ACTION ITEM
As you restate the entries, keep every word intact and leave out whatever images they hold.
── DATA PROVIDED ──
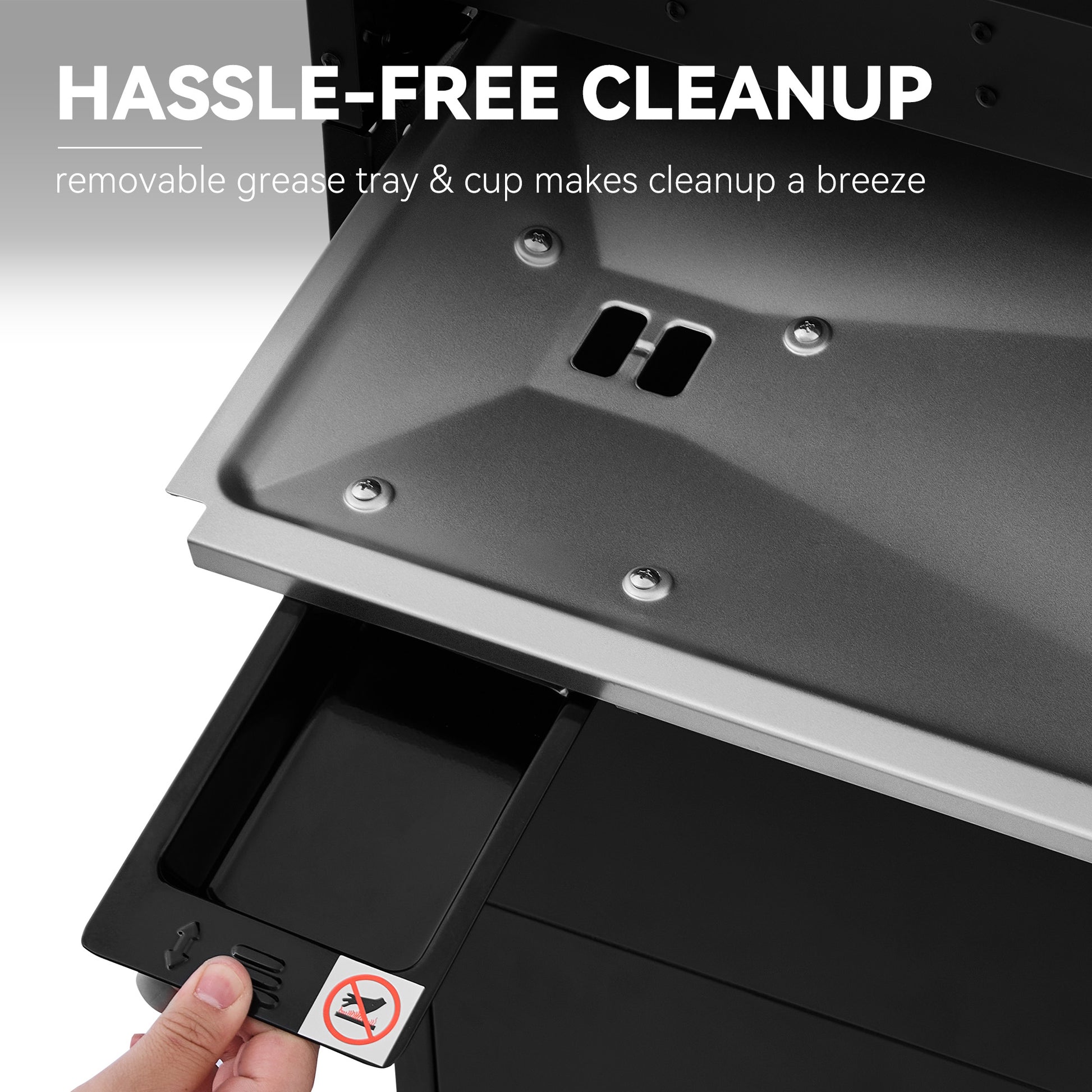 Removable grease tray and cup for hassle-free cleanup on a kitchen appliance.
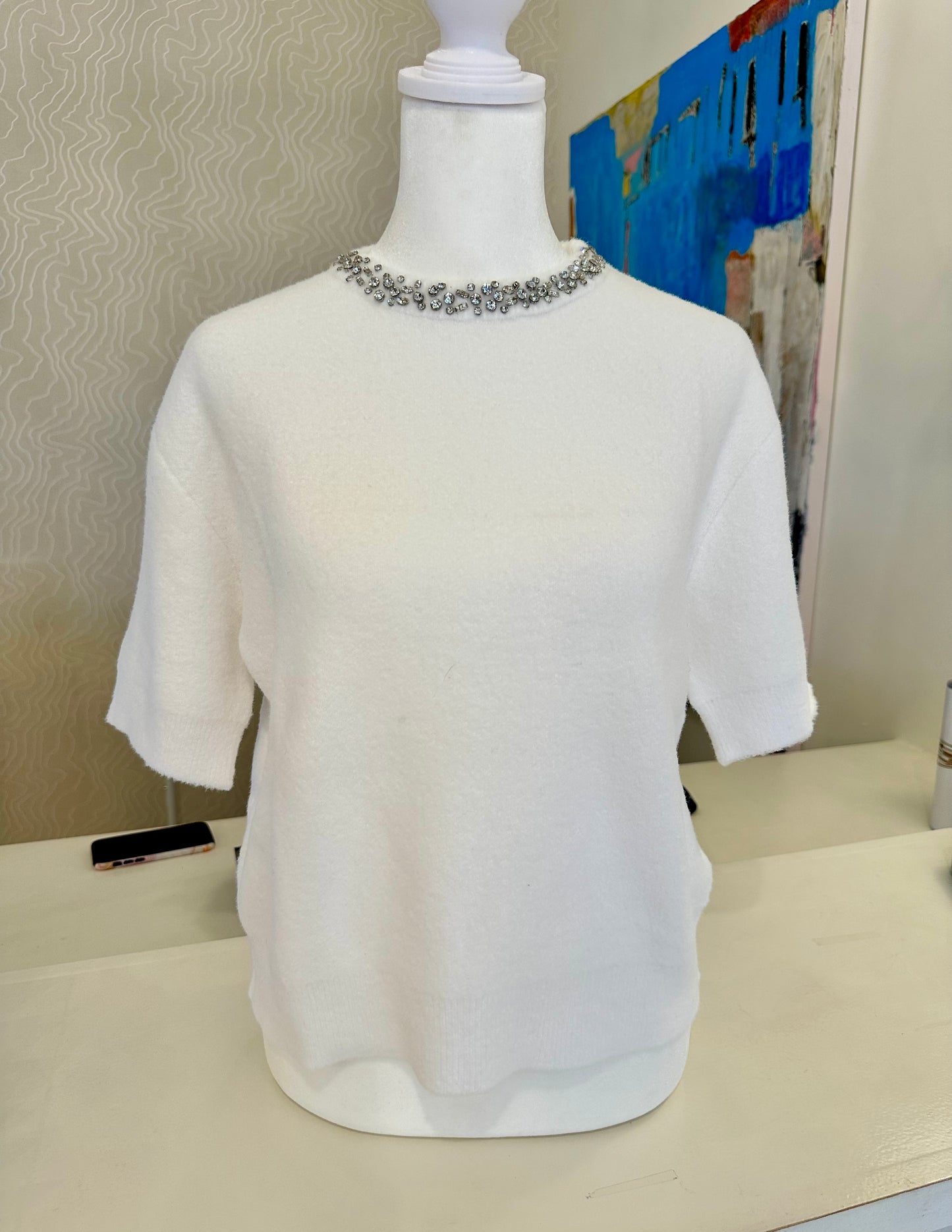 Ivory knit sweater with jeweled neckline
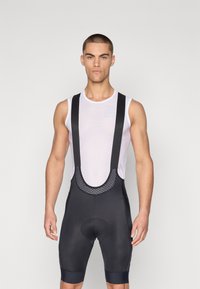 Svarte sykkelshorts med mesh-stropper, med polstret sete, glatt stoff og tettsittende passform. Brukt over en hvit mesh singlet.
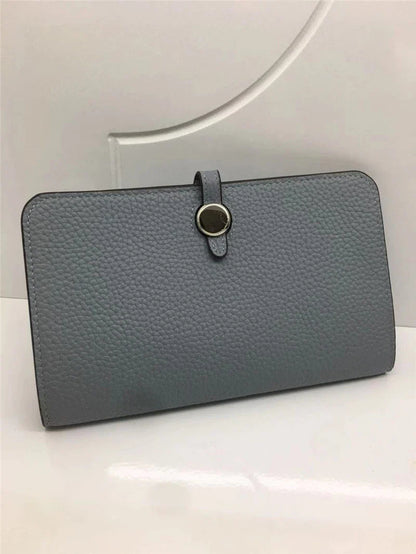 Premium cowhide leather wallet with luxurious lychee pattern design, featuring multiple compartments for secure storage and organisation.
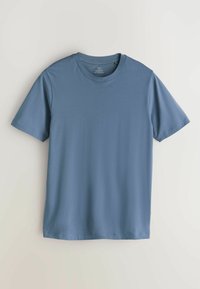 Īsām piedurknēm T-krekls gaiši zilā krāsā, izgatavots no kokvilnas maisījuma. Tam ir apaļa izgriezuma apkakle un taisna apmale, ar gludu un mīkstu tekstūru.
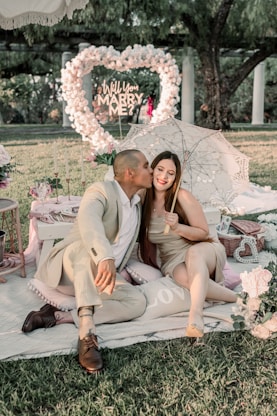A couple is seated on a picnic setup, with the man lovingly kissing the woman's cheek. They are surrounded by romantic decor including candles, flowers, and a sign that reads, 'Will You Marry Me?' in a heart shape made of flowers. The scene is set outdoors, with greenery in the background and a decorative umbrella adding to the romantic atmosphere.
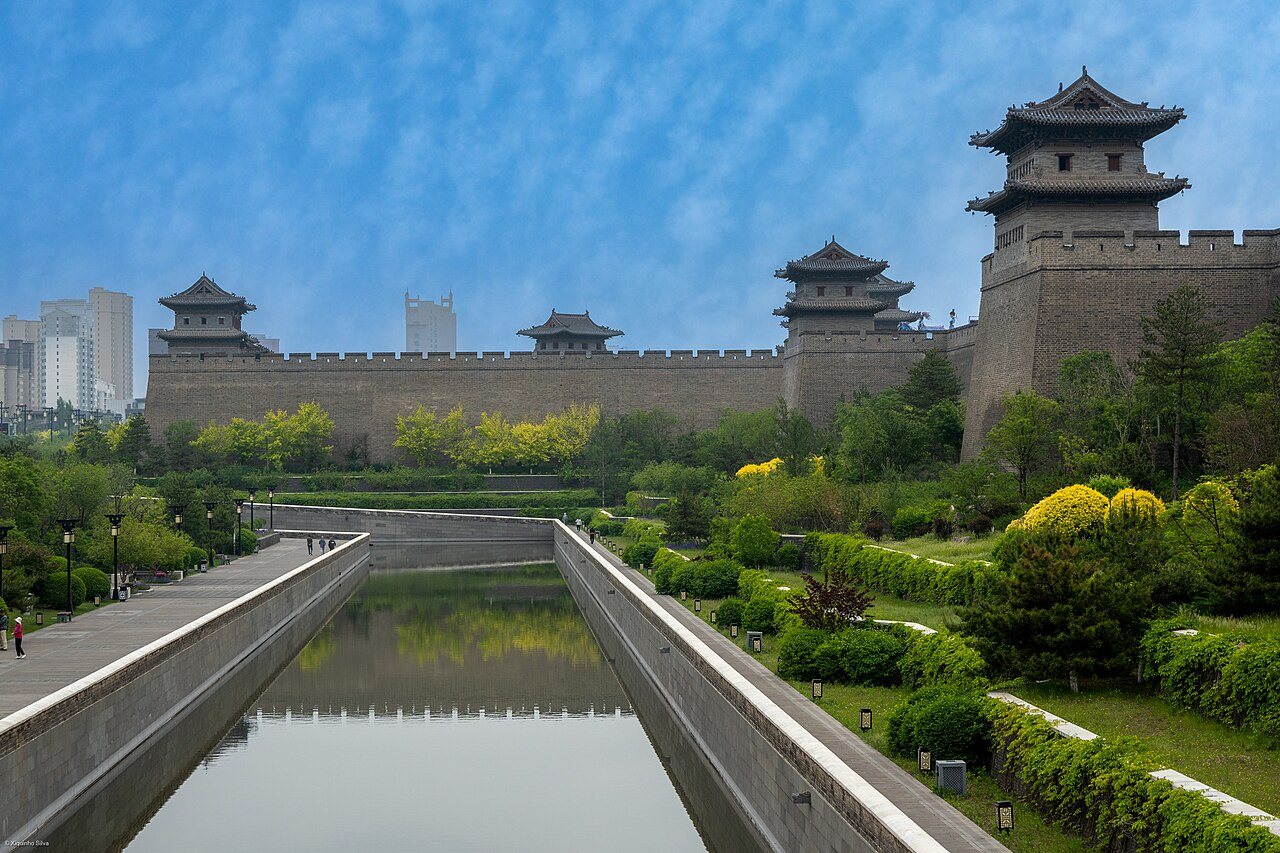 The rebuilt Datong city wall and gate towers beside the moat and a garden walkway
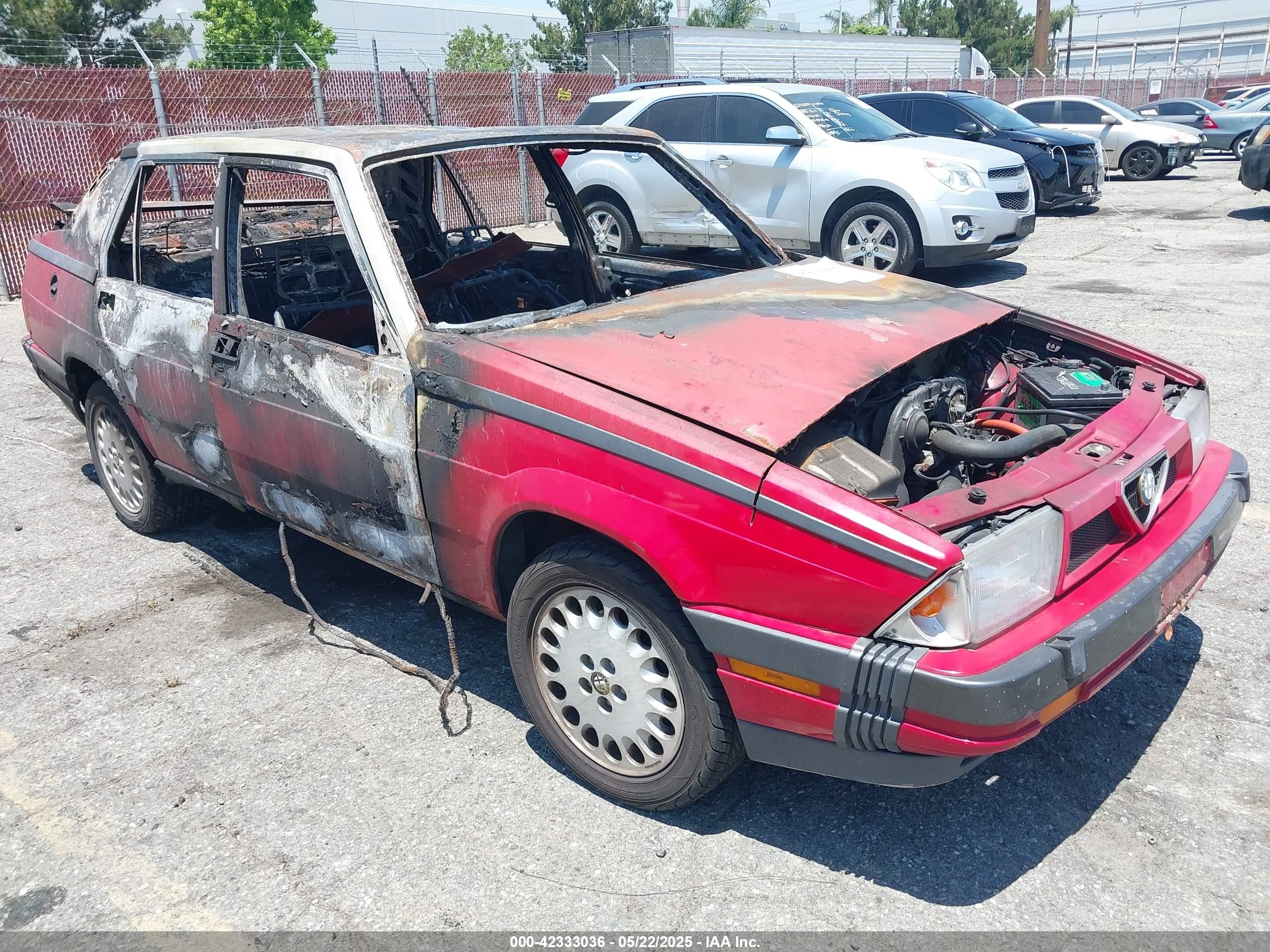 1987 Alfa Romeo Milano, VIN ZARDA116XH1052965 — Engine fire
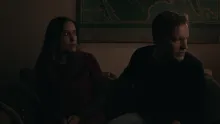 Two people sitting down, one looking away from the other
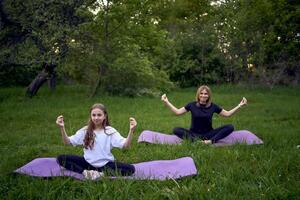 ein Frau und Mädchen tun Yoga und meditieren im Natur foto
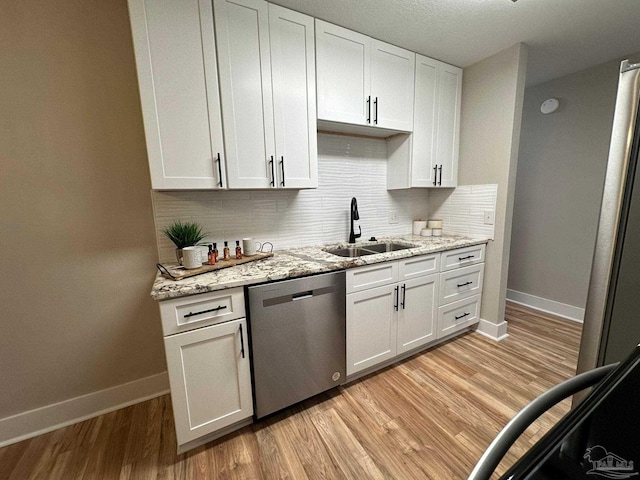 kitchen with light stone counters, stainless steel dishwasher, and white cabinets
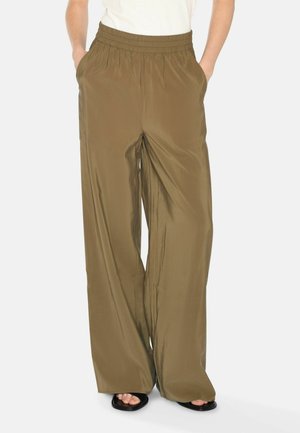 Olive green, wide-leg pants made of smooth, lightweight fabric. Features an elastic waistband and side pockets. Flat front design.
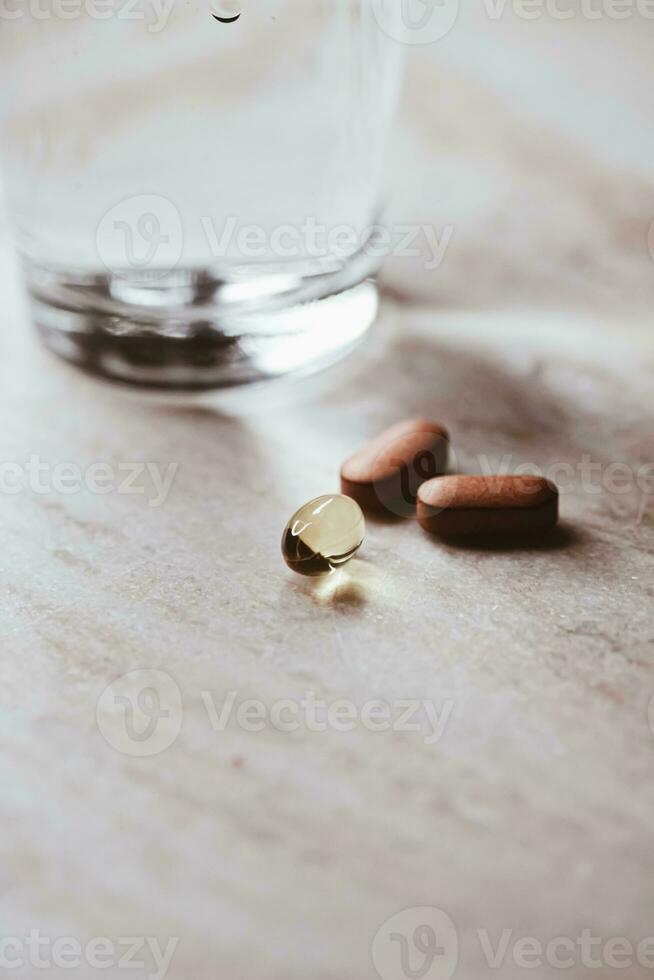 Medical pills and glass of water, health and wellness photo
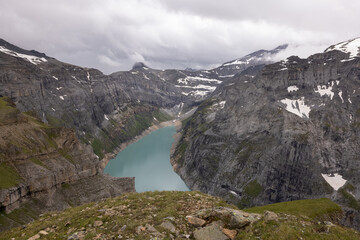 Amazing alpine lake called Limmerensee in the heart of canton Glarus in Switzerland. Epic view from the top of the mountain. Wonderful hiking day with good weather conditions.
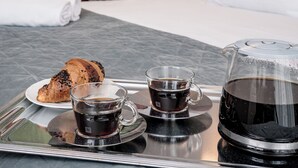 A hotel room with a bed, a tray with a croissant, a cup of coffee, and a coffee pot. - HOME Apart-Hotel Vilnius (Vilnius)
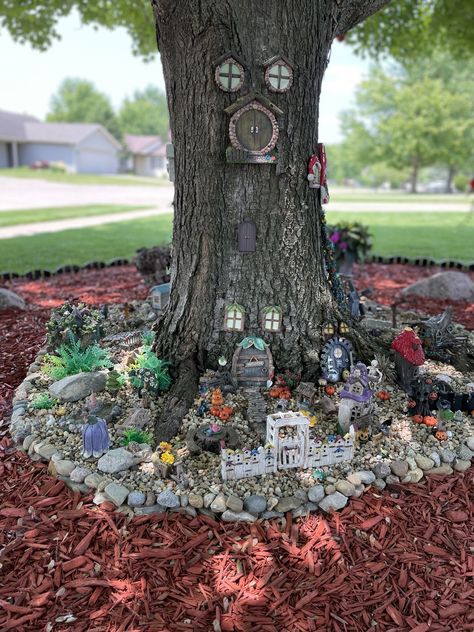 My Fairy Garden Created be me, Ronda 2023 Back side Fairy Garden Around A Tree, Tree Base Landscaping Ideas, Tire Fairy Garden, Knomes Garden Ideas, Fairy Garden Around Tree Base, Knomes Garden Diy, Small Fairy Garden Ideas, Tree Stump Fairy Garden, Fairy Garden Tree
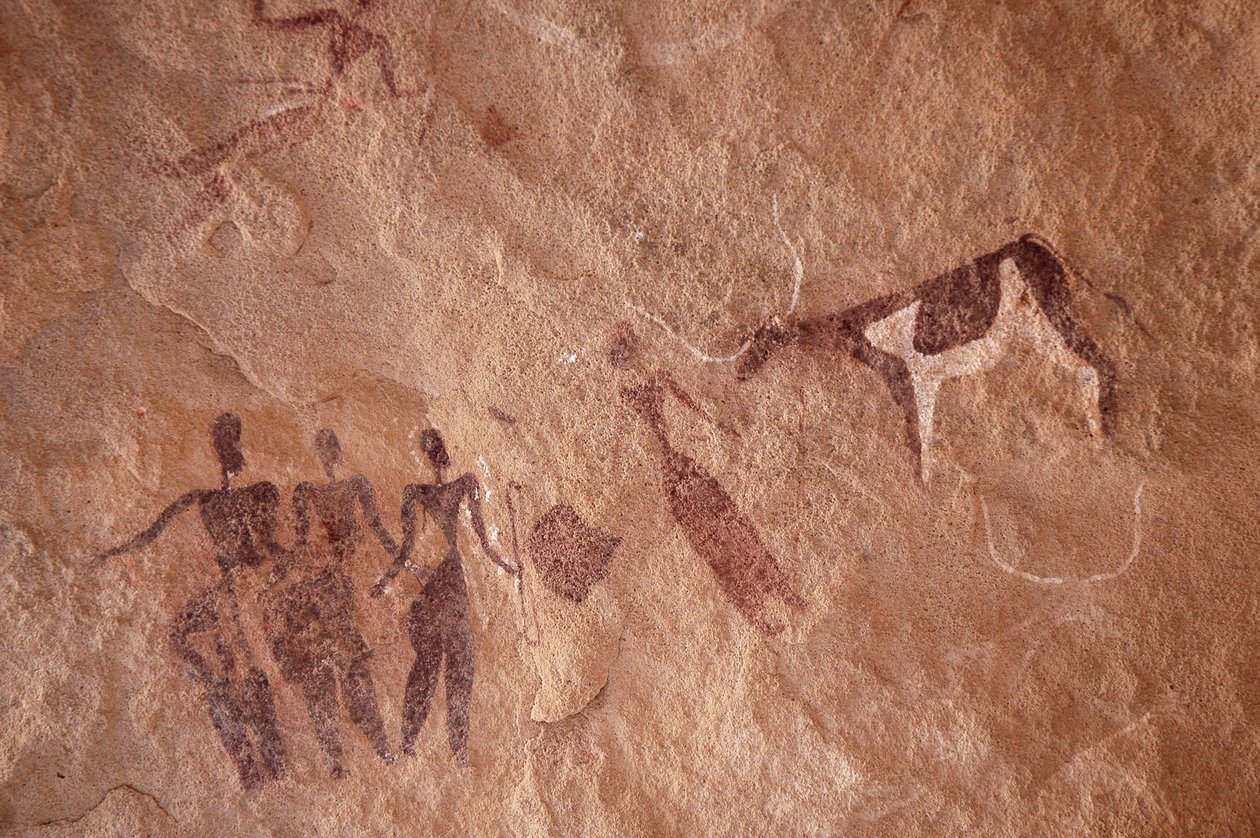 Stenkonst, förhistoria: Stenmålning av en grupp karaktärer och en tvåfärgad ko med stora horn i ett utsmyckat skydd, i Uweinat-massivet, Egypten. (Period från 8000 till 3000 år f.Kr.). Fotografi av Unbekannt
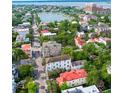 High aerial view of a city street with many homes, green trees, and a body of water in distance at 81 Rutledge Ave, Charleston, SC 29401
───
RESPONSE
 Removable grease tray and cup for hassle-free cleanup on a kitchen appliance.
 Ivory knit sweater with jeweled neckline
 Svarte sykkelshorts med mesh-stropper, med polstret sete, glatt stoff og tettsittende passform. Brukt over en hvit mesh singlet.
 Premium cowhide leather wallet with luxurious lychee pattern design, featuring multiple compartments for secure storage and organisation.
 Īsām piedurknēm T-krekls gaiši zilā krāsā, izgatavots no kokvilnas maisījuma. Tam ir apaļa izgriezuma apkakle un taisna apmale, ar gludu un mīkstu tekstūru.
A couple is seated on a picnic setup, with the man lovingly kissing the woman's cheek. They are surrounded by romantic decor including candles, flowers, and a sign that reads, 'Will You Marry Me?' in a heart shape made of flowers. The scene is set outdoors, with greenery in the background and a decorative umbrella adding to the romantic atmosphere.
 The rebuilt Datong city wall and gate towers beside the moat and a garden walkway
 1987 Alfa Romeo Milano, VIN ZARDA116XH1052965 — Engine fire
 Two people sitting down, one looking away from the other
 ein Frau und Mädchen tun Yoga und meditieren im Natur foto
 kitchen with light stone counters, stainless steel dishwasher, and white cabinets
 Olive green, wide-leg pants made of smooth, lightweight fabric. Features an elastic waistband and side pockets. Flat front design.
 Medical pills and glass of water, health and wellness photo
 Amazing alpine lake called Limmerensee in the heart of canton Glarus in Switzerland. Epic view from the top of the mountain. Wonderful hiking day with good weather conditions.
 A hotel room with a bed, a tray with a croissant, a cup of coffee, and a coffee pot. - HOME Apart-Hotel Vilnius (Vilnius)
 My Fairy Garden Created be me, Ronda 2023 Back side Fairy Garden Around A Tree, Tree Base Landscaping Ideas, Tire Fairy Garden, Knomes Garden Ideas, Fairy Garden Around Tree Base, Knomes Garden Diy, Small Fairy Garden Ideas, Tree Stump Fairy Garden, Fairy Garden Tree
 Stenkonst, förhistoria: Stenmålning av en grupp karaktärer och en tvåfärgad ko med stora horn i ett utsmyckat skydd, i Uweinat-massivet, Egypten. (Period från 8000 till 3000 år f.Kr.). Fotografi av Unbekannt
 High aerial view of a city street with many homes, green trees, and a body of water in distance at 81 Rutledge Ave, Charleston, SC 29401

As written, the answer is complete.